WHAT THIS TASK INVOLVES: Every line from the one with "Amazon.co.jp: Neoranga : DVD" through the final line of the data below goes in the answer, copied exactly. Pictures do not.

PROVIDED MATERIAL:
┄┄┄┄┄┄┄┄┄┄

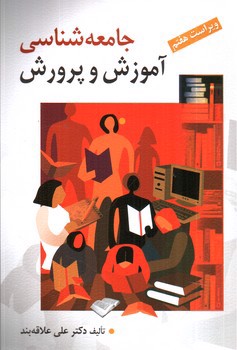 تصویر کتاب جامعه شناسی آموزش و پرورش (ویراست هفتم)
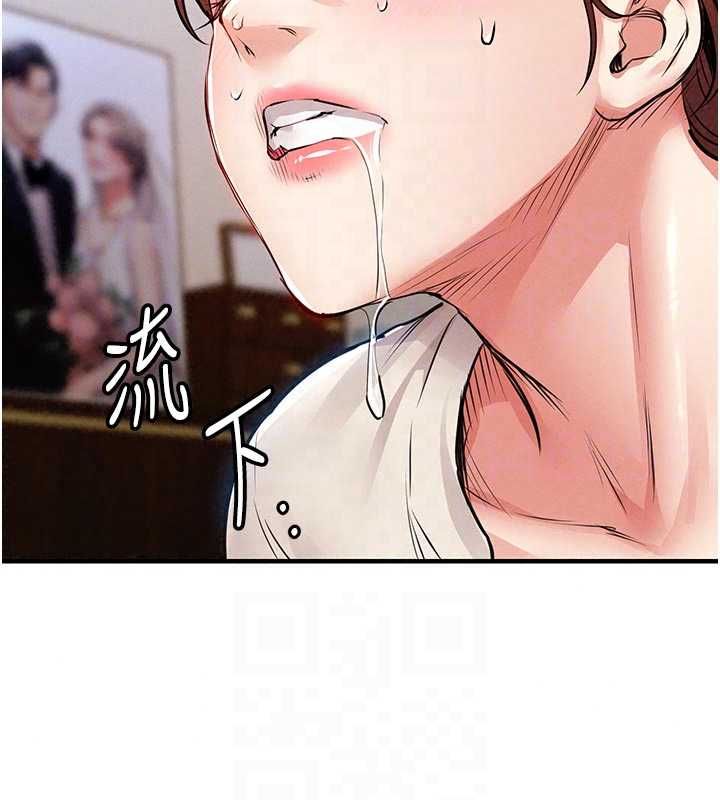 衣锦还乡第57話-被仇人肉棒抽插的阿姨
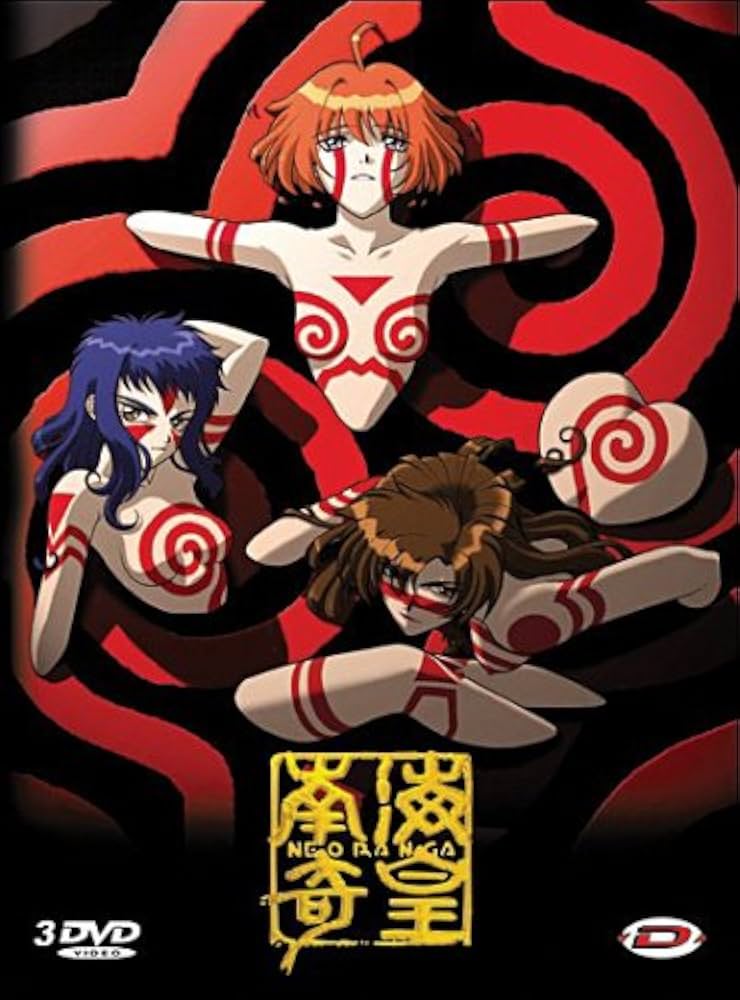 Amazon.co.jp: Neoranga : DVD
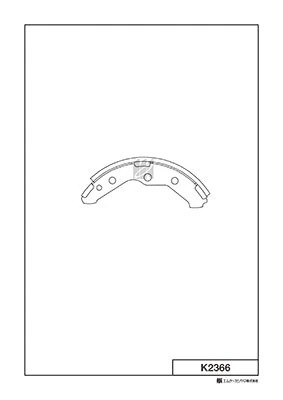 Колодки тормозные барабанные K2366 K2366 MK KASHIYAMA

┄┄┄┄┄┄┄┄┄┄

SOLVED PROBLEM:
 Amazon.co.jp: Neoranga : DVD
 Колодки тормозные барабанные K2366 K2366 MK KASHIYAMA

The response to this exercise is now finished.